WHAT YOU SHOULD DO:
Will you return, word for word, only the lines from the top of the data below down to and including the one with "Rossi Man ELI"?

MATERIAL PROVIDED:
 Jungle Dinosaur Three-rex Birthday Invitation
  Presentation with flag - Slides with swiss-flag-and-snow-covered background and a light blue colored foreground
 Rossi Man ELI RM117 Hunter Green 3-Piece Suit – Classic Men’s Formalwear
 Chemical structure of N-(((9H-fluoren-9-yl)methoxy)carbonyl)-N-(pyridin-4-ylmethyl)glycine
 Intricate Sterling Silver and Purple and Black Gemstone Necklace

WRITTEN SOLUTION:
 Jungle Dinosaur Three-rex Birthday Invitation
  Presentation with flag - Slides with swiss-flag-and-snow-covered background and a light blue colored foreground
 Rossi Man ELI RM117 Hunter Green 3-Piece Suit – Classic Men’s Formalwear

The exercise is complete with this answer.